Cubs backup catcher Miguel Montero is excited about the victory but still aired some grievances during an appearance on ESPN Radio in Chicago on Friday. From that interview:
"It was different for me. It was a different emotion because I didn’t get a chance to play. I was a little disappointed, to be honest, because I felt like I did a good job in the regular season but was left out a little bit. It made me feel a little like not important or maybe not as good to be in this lineup."
Montero still contributed mightily, delivering perhaps the most important pinch hit in franchise history when he hit a grand slam to put Game 1 of the NLCS out of reach.

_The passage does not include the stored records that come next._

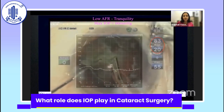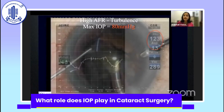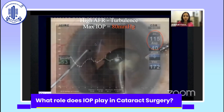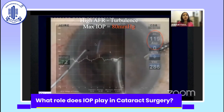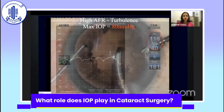Now with the bottle height raised to 110 cm — an irrigation pressure of about 120 — and a flow rate of 40 cc/min, the IOP cursor is at 60 mmHg at the lower mark and 80 mmHg at the upper. The pressure is already at 80 mmHg, and as the video plays you can see much more up-and-down fluctuations. The fragment disappears faster but is less controlled, tending to fly around, with IOP swinging between 50 and 80 mmHg repeatedly.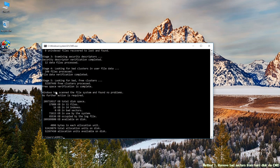And now, you can see the information of the disk, such as disk space parameters, file size, and the number of bad sectors.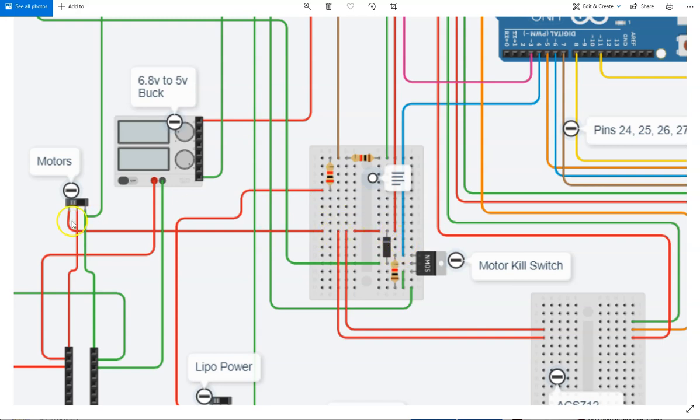And I do not think that will work. So I think I have a problem here with this circuit. I think this leg of the voltage, or I should say current sensor module, should not be connected there.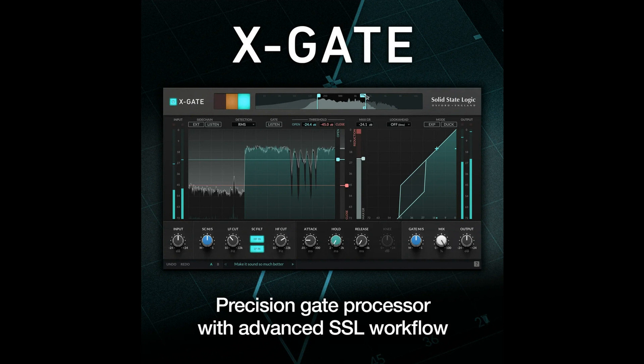Use the expander mode and accompanying knee control for a more transparent option — make quiet signals quieter and expand the dynamic range of the signal. Simple discrete look-ahead options for minimizing latency when using a look-ahead. Transform the plugin into a production ducker with a single click. Use duck mode to invert the sidechain logic, attenuating the signal only when it exceeds the threshold — i.e., to duck the music when you speak into your microphone.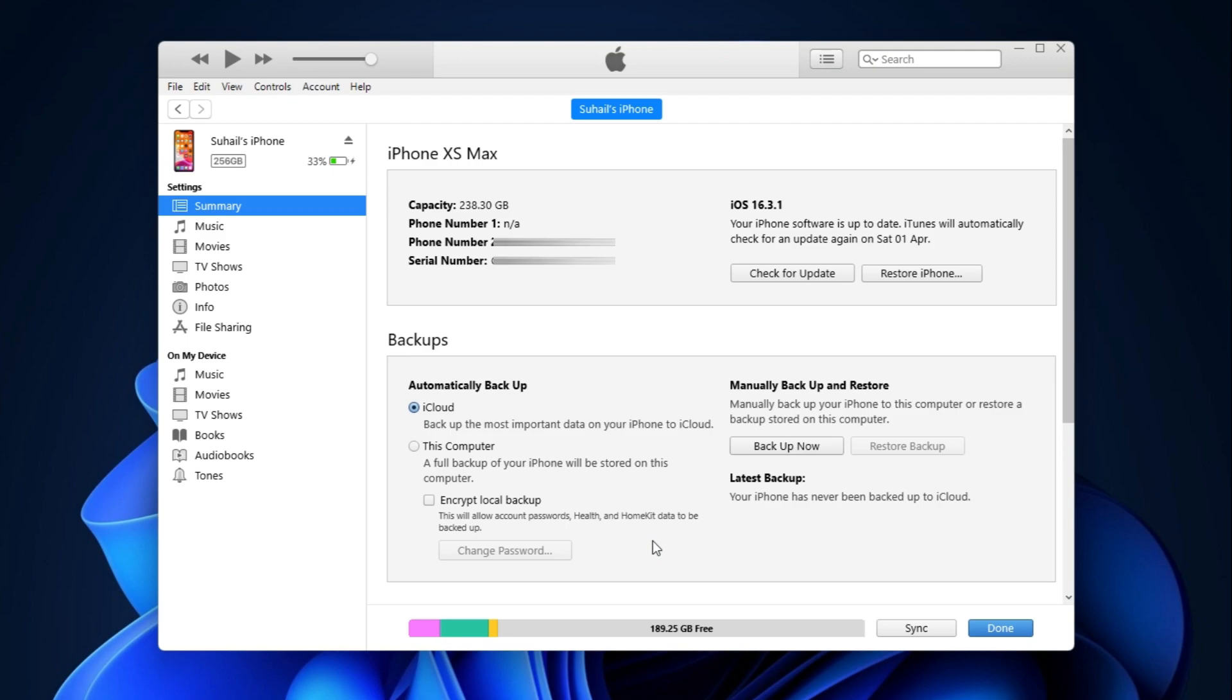Now if you want to backup on iCloud, we'll keep this as is and hit backup. And the backup will be stored on the iCloud, only if we have enough storage.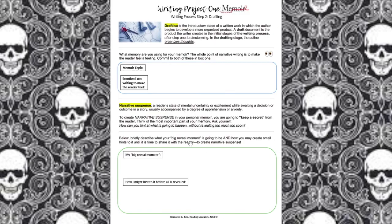This document is super helpful for getting a game plan for writing your draft. You're packing your thoughts and ideas into each of these boxes to plan a logical progression of the events of your memoir. We're focusing on the emotion we want the reader to feel and on keeping a secret to create narrative suspense.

And, of course, his 10th-inning RBI single proved to be the game-winning run in Game 7 of the World Series.
Perhaps more so than the playing time, Montero was disappointed by the lack of communication.
"I think the toughest part for me is they never communicated with me. I’m a veteran guy. They talk about veteran leadership. I have 11 years in the game and two All-Star [appearances]. I expected to be treated a little better. I was expected to get communication. Just let me know. Put me in the loop. That was the toughest part for me because I never understood what my role was going to be."
Montero, 33, fell behind David Ross and Willson Contreras on the depth chart in October and had only 12 plate appearances in the playoffs (four during the World Series). In 86 games during the regular season, he hit .216/.327/.357 with eight homers and 33 RBI.
Looking ahead to next season, Ross is retiring and Montero is under contract for $14 million.